#### [Excerpts from a dataset]
-.-.-

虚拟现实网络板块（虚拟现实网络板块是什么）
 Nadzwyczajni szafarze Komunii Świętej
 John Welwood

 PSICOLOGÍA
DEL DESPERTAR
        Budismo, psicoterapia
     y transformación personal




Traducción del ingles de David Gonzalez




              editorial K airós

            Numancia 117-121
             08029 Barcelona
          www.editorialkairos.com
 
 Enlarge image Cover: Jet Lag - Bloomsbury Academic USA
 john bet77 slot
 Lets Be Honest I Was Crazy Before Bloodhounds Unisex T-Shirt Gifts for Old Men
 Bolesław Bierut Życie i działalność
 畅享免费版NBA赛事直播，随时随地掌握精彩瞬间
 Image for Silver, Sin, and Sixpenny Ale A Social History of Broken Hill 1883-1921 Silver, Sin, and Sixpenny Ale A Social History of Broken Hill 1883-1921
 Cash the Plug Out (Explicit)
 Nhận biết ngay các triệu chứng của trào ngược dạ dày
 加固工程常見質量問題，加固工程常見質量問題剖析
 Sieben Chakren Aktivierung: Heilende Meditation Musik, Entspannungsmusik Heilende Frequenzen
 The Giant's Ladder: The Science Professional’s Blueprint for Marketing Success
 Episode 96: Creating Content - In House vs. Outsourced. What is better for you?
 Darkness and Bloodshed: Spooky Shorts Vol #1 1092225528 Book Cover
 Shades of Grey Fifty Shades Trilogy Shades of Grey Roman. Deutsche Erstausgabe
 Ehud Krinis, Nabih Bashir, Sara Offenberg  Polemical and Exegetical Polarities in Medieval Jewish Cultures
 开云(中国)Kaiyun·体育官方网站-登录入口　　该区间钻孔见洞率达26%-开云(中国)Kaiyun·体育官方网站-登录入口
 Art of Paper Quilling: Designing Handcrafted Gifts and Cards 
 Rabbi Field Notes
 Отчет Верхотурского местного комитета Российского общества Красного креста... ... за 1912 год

-.-.-

#### [EXERCISE OBJECTIVE]
Retype nothing except the lines from the line holding "Enlarge image Cover: Jet" through the last line of the entries, both included.

#### [WRITTEN RESPONSE]
 Enlarge image Cover: Jet Lag - Bloomsbury Academic USA
 john bet77 slot
 Lets Be Honest I Was Crazy Before Bloodhounds Unisex T-Shirt Gifts for Old Men
 Bolesław Bierut Życie i działalność
 畅享免费版NBA赛事直播，随时随地掌握精彩瞬间
 Image for Silver, Sin, and Sixpenny Ale A Social History of Broken Hill 1883-1921 Silver, Sin, and Sixpenny Ale A Social History of Broken Hill 1883-1921
 Cash the Plug Out (Explicit)
 Nhận biết ngay các triệu chứng của trào ngược dạ dày
 加固工程常見質量問題，加固工程常見質量問題剖析
 Sieben Chakren Aktivierung: Heilende Meditation Musik, Entspannungsmusik Heilende Frequenzen
 The Giant's Ladder: The Science Professional’s Blueprint for Marketing Success
 Episode 96: Creating Content - In House vs. Outsourced. What is better for you?
 Darkness and Bloodshed: Spooky Shorts Vol #1 1092225528 Book Cover
 Shades of Grey Fifty Shades Trilogy Shades of Grey Roman. Deutsche Erstausgabe
 Ehud Krinis, Nabih Bashir, Sara Offenberg  Polemical and Exegetical Polarities in Medieval Jewish Cultures
 开云(中国)Kaiyun·体育官方网站-登录入口　　该区间钻孔见洞率达26%-开云(中国)Kaiyun·体育官方网站-登录入口
 Art of Paper Quilling: Designing Handcrafted Gifts and Cards 
 Rabbi Field Notes
 Отчет Верхотурского местного комитета Российского общества Красного креста... ... за 1912 год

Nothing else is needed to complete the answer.